I'll make no secret of my undying loathing of all things Assessment Objective related in English Literature classes. I'll tolerate them in the Sciences, Economics, Maths, and at a push I might even make room for them in History or Theology.
But English Literature?
Kill me with a stick and set me on a low heat to simmer for the rest of eternity.
Call me a raving Romantic, but I don't believe literature, or poetry, or any form of creative writing should have to fulfill criteria. I can see why they exist - the plight of those overworked exam invivilators and markers of papers is not beyond my comprehension, for all I loathe their profession - and I can also see why, to some extent their invention was inevitable. Humans love to compete, and if any author can laud their work as better than another's because of the inclusion of X, Y and Epsilon, then most likely they will take the chance at some stage.
Nevertheless . . . who, in the name of Chaucer's baggy Y-fronts, thought it was a clever idea to make students spend their lives shoving works of literature through formulaic loopholes that will, most likely, lead to them loathing the text, the lesson, and possibly even the prospect of literature itself?
During my application for Oxford this year - unsuccessfully, just in case any of you were wondering - I spent a lot of time talking to my academic tutor, an Oxford graduate himself, about this problem. He agrees with me; criteriam and assessment objectives aren't bad in themselves, but unless they are balanced out by discussion and enjoyment of the text in its own right, outside of syllabus guidelines, then they're not getting what they should do.

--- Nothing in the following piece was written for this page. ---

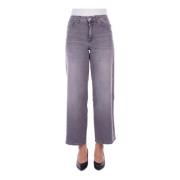 Logo Achter Rits Jeans Regular Fit Only , Gray , Dames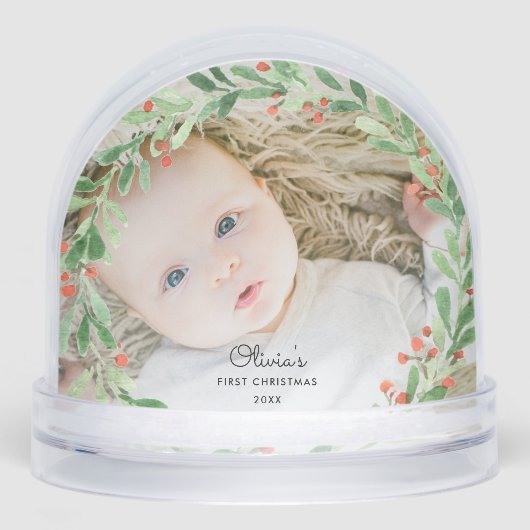 Baby 1st Christmas Photo Snow Globe (正面)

And what should they get? A chance to make up their own minds over whether or not a text has any value. For themselves.
It's all very well telling someone that James Joyce's Ulysses is one of the greatest works of the 20th Century, but believee it unless they do it themselves.
Words cannot express my sadness over the disgust most of my classmates felt for Shakespeare's Othello last year. They hated it because of how pedantic and belittling the criteria were - unless we used certain words, certain connecting phrases, and every other sentence was a regurgitated reinstatement of the importance of the essay's title, we were getting C grades or worse.
Because of this, we skipped nearly two full Acts of the play, had no understanding of most of its underlying themes and concepts, and some of the class has even lost the plot entirely.
I don't mean this as a critique of the education system at its purest sense. I mean it as a critique of the fact that such a wonderful, evocative, emotional story can be treated in such a way that it loses everything that makes it great.
A story is worth more than the author's use of complex metaphor and treatment of recurring themes.
However, I do not mean to sound like a militant liberal hippie-beast. All I am saying is that, sometimes, amidst all the desire for top marks, high grades, and all the trappings that go with it, the other, less easily categorised parts of literature can get lost in the mix.
Sometimes, we need to read something for enjoyment. For appreciation of its context, its treatment of themes, its originality. We need to appreciate it for its it-ness.
We need to think of why we think a novel, a poem, or a play is important and interesting to us.
Art, for art's sake.
. . . the English department really should have known better than to let me choose a coursework essay on the reasons for the popularity and survival of Shakespeare's sonnets, shouldn't they?